Keywords: Peristalsis, Conduction velocity, Urine output rate.

© Copyright 2023 Authors This is an Open Access article published under the Creative Commons Attribution License terms. Unrestricted use, distribution, and reproduction in any medium are permitted, provided the original work is properly cited.

Date Received: 2023-02-22
Date Revised: 2023-04-10
Date Accepted: 2023-04-28
Date Published: 2023-06-19

1. Introduction

The passage of urine through the ureter’s lumen is derived by successive waves of active muscular contraction that pass along its walls from the kidney to bladder. In between contraction waves the muscle of ureteral wall is relaxed [1]. This phenomenon is called Peristalsis. The Peristalsis is initiated at the renal pelvis following the pacemaker effect generated by the synchronized and rhythmic activity of the sum of action potentials initiated by each nephron [2]. An action potential is an electric signal that is created from a temporary shift from negative to positive potential of a nephron membrane.

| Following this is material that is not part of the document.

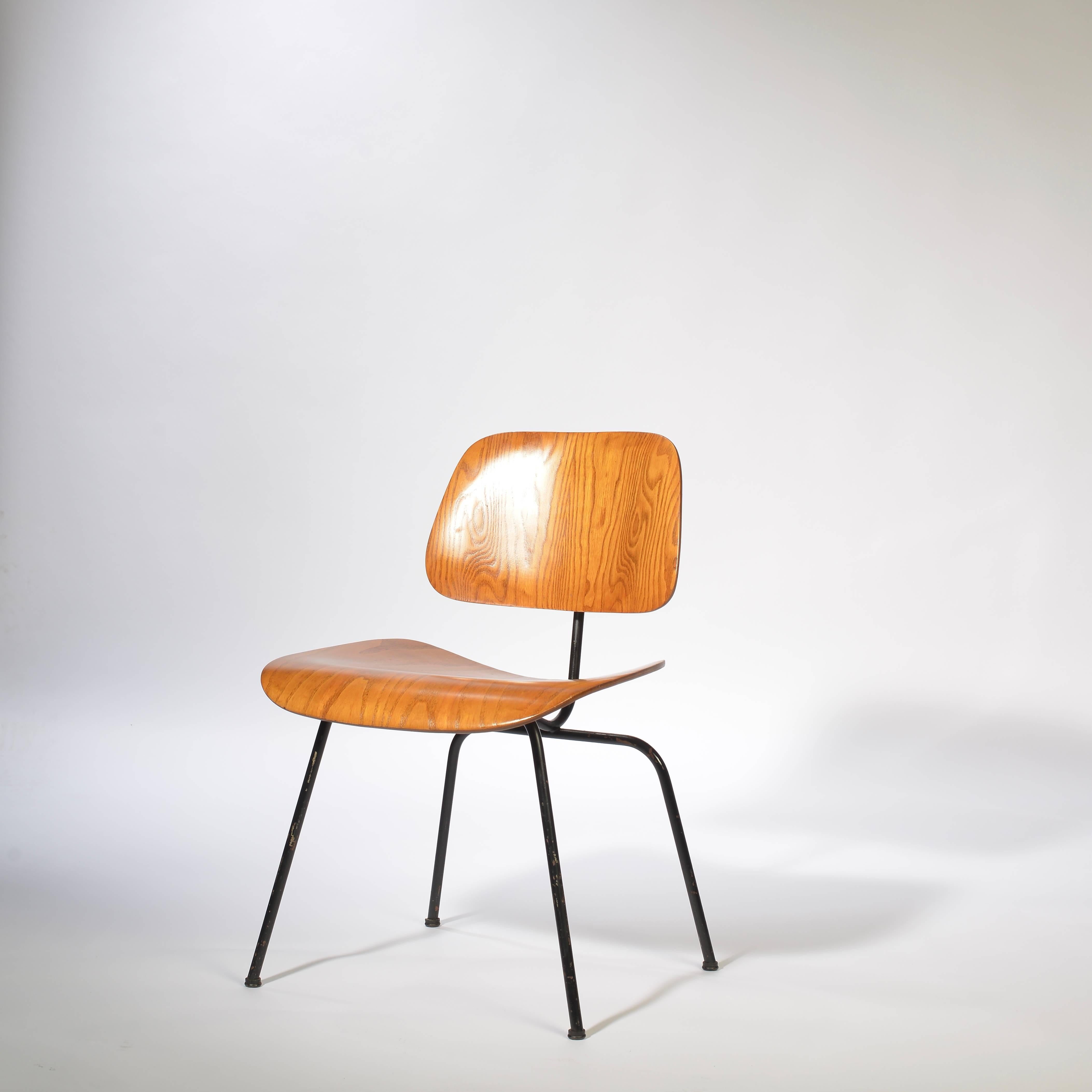 Früher Charles & Ray Eames für Herman Miller DCM-Stuhl aus Eiche, 1953 (Moderne der Mitte des Jahrhunderts) im Angebot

Peristalsis controls the urine flow. Under normal flows, the urine between two contractions waves takes the form of a bolus. The rhythmic contractions of the ureter wall push through the ureter’s lumen, the bolus of urine. The mean rate of flow of urine through the ureter is equal to the rate.

The ureter is a smooth tubular muscle, which transports urine from the Kidney’s pelvis to the bladder. The passage of urine through the ureter’s lumen is regulated by the rhythmic contractions of the ureter walls, which pushes the bolus of urine through its lumen. This phenomenon, which is called the Peristalsis, exercises consistently luminal pressure which occurs behind the urine bolus during its passage through the ureter [3].

The muscular contraction force which travels through the ureter’s walls and regulates the transport of the urine bolus, is difficult to measure experimentally. The peristaltic movement of the ureter is a complex phenomenon, which is difficult to replicate accurately with a computational model.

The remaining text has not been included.